■ Source information
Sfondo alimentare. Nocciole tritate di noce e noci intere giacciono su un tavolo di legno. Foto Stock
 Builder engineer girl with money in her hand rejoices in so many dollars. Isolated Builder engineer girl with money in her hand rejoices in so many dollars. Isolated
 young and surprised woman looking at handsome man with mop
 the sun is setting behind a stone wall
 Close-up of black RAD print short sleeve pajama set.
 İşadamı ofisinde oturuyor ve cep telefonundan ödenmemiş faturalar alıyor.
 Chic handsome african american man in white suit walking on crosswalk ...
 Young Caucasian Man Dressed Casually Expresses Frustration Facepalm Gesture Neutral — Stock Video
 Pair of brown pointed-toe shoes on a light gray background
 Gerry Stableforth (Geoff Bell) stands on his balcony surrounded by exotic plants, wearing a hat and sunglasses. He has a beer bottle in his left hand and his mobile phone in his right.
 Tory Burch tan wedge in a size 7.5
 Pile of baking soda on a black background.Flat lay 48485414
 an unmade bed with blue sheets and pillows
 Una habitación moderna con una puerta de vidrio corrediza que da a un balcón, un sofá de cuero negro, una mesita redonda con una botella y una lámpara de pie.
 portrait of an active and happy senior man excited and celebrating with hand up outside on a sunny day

■ Requirement
Write down every entry exactly.

■ Solution for this task
Sfondo alimentare. Nocciole tritate di noce e noci intere giacciono su un tavolo di legno. Foto Stock
 Builder engineer girl with money in her hand rejoices in so many dollars. Isolated Builder engineer girl with money in her hand rejoices in so many dollars. Isolated
 young and surprised woman looking at handsome man with mop
 the sun is setting behind a stone wall
 Close-up of black RAD print short sleeve pajama set.
 İşadamı ofisinde oturuyor ve cep telefonundan ödenmemiş faturalar alıyor.
 Chic handsome african american man in white suit walking on crosswalk ...
 Young Caucasian Man Dressed Casually Expresses Frustration Facepalm Gesture Neutral — Stock Video
 Pair of brown pointed-toe shoes on a light gray background
 Gerry Stableforth (Geoff Bell) stands on his balcony surrounded by exotic plants, wearing a hat and sunglasses. He has a beer bottle in his left hand and his mobile phone in his right.
 Tory Burch tan wedge in a size 7.5
 Pile of baking soda on a black background.Flat lay 48485414
 an unmade bed with blue sheets and pillows
 Una habitación moderna con una puerta de vidrio corrediza que da a un balcón, un sofá de cuero negro, una mesita redonda con una botella y una lámpara de pie.
 portrait of an active and happy senior man excited and celebrating with hand up outside on a sunny day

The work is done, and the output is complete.